I viaggi e le magnate dei consiglieri laziali del Pdl con i fondi regionali valevano le dimissioni di tutta la giunta regionale, quelle in Emilia-Romagna dei due renziani Richetti e Bonaccini, modeste per volume ma pur sempre spese indebite secondo la Procura, sono attacchi «denigratori», dicono i parlamentari emiliani del Pd, da cui sono pronti a «tutelarsi» in sede legale.

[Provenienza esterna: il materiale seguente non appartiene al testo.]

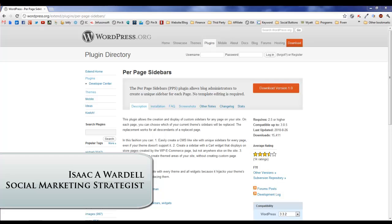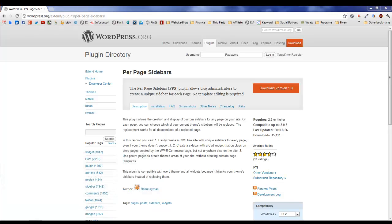Hey everybody, it's Isaac Wardell. I'm a social marketing strategist. In this video I want to talk to you about per page sidebars. Per page sidebars is a wonderful plugin that allows you to put widgets on your sidebar.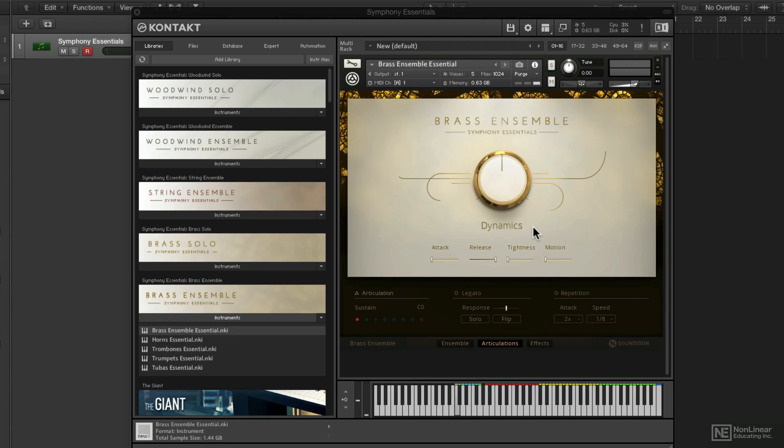Now by themselves, they have a nice higher level of realism than things that you might find in the factory library. But it's not until you get into the articulations, phrasing, and key switching that you really get the most out of using these instruments. So let's take a look at the different individual instruments and patches and how they load up next.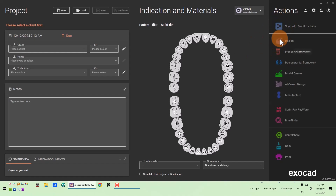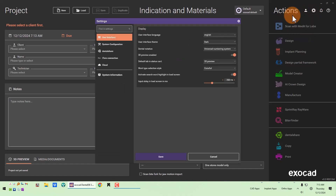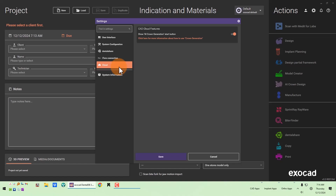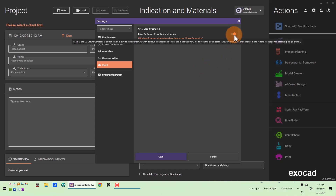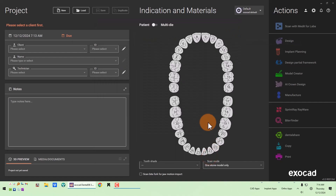The first thing you need to do is open your DentalDB. In the upper right, click the settings gear icon and go into Settings. In the main settings menu on the left-hand side you'll see the Cloud option. Click that cloud option — the CAD cloud features option is unchecked by default, so you'll have to check that to enable it, then click Save and restart your DentalDB.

Dalla riunione dei vertici locali, presente il numero due del segretario, Lorenzo Guerini, la linea è questa: «Non ci sono spese pazze, «d’ora in avanti il Pd farà bene a tutelarsi in ogni sede ogni qualvolta verrà associato a espressioni di questo tipo totalmente denigratorie» dicono i deputati Donata Lenzi e il senatore Stefano Vaccari.

Sulle «mutande verdi» di Roberto Cota, e sulle «spese pazze» (quelle ovviamente sì) dell’ex governatore leghista del Piemonte, invece il Pd era andato giù col machete. «La Regione è caduta, prima ancora che sulla legalità, sotto il disonore delle mutande verdi!» è stato il cavallo di battaglia del renziano Sergio Chiamparino nella corsa (vincente) alla Regione Piemonte. Durante la quale il Pd a Torino ha organizzato anche un flash mob, una manifestazione in piazza con tanto di mutandone verde gigante, simbolo delle abboffate di centrodestra. Pure sulla Rimborsopoli dell’Abruzzo, regione non rossa, il Pd ha bacchettato il governatore Chiodi («Ha fallito anche su etica e trasparenza»).

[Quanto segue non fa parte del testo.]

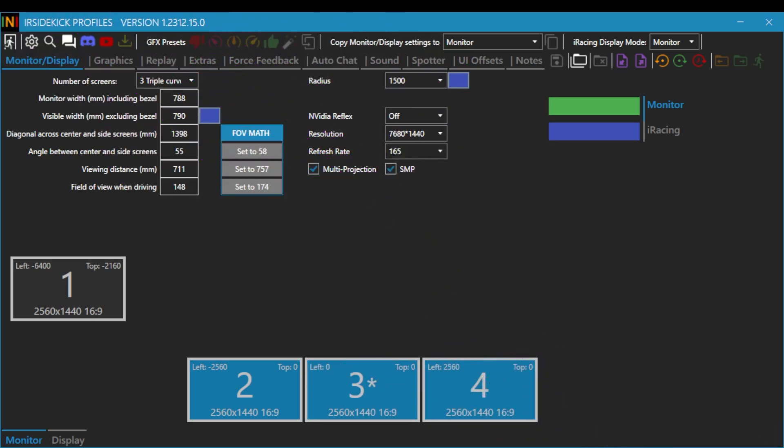So if you notice on mine, it's got triple curves and iR Sidekick. I am also just putting all my bezel information. This is all information that you don't really need. My viewing distance and how my field of view. So their math is saying that I should be 174, but I don't like 174. I do it at 148 and then I make adjustments in iRacing and I'll show you that in a second.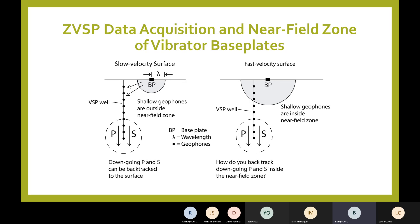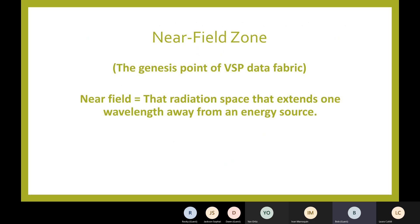I'm finally finding a way to investigate VSP data that's telling me things I have never seen or realized before. The thing that's doing that is unsupervised machine learning, which is a capability offered by the Paradise software provided by Geophysical Insights. There's the definition of the near field zone — it just says in words what I've spoken verbally.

Cene e spese pazze, che diventano sobrie nel caso del Pd. Una differenza etica che la base stessa del Partito democratico – sul web e tra gli stand della Festa dell’Unità a Bologna – sembra non capire del tutto. Se lo scontrino è democratico è meno grave. O dipende dall’importo: ma a partire da quanto una spesa impazzisce? Chi lo decide? Forse dipende dal menù: i tortellini democratici, pagati sempre con i rimborsi regionali, sono legittimi, al massimo un peccato di gola, le fettuccine e le lingerie di centrodestra un’offesa da riparare con le dimissioni. E le spese della Barracciu, ex consigliere regionale Pd in Sardegna anche lei indagata per peculato, sono pazze o sane? Si parla di 33mila euro, più altri 40mila di rimborsi chilometrici che secondo i pm non coincidono con gli spostamenti effettivi della Barracciu. Che però, sotto regionali, fu convinta a mollare la candidatura a presidente della Regione.
Per convincerla il segretario Renzi spedì a Cagliari un suo emissario. Chi? Proprio Bonaccini, che ora resta al suo posto per lo stesso addebito. Con il placet di Renzi, che nel frattempo ha nominato la Barracciu sottosegretario. Saranno pure scontrini, ma democratici.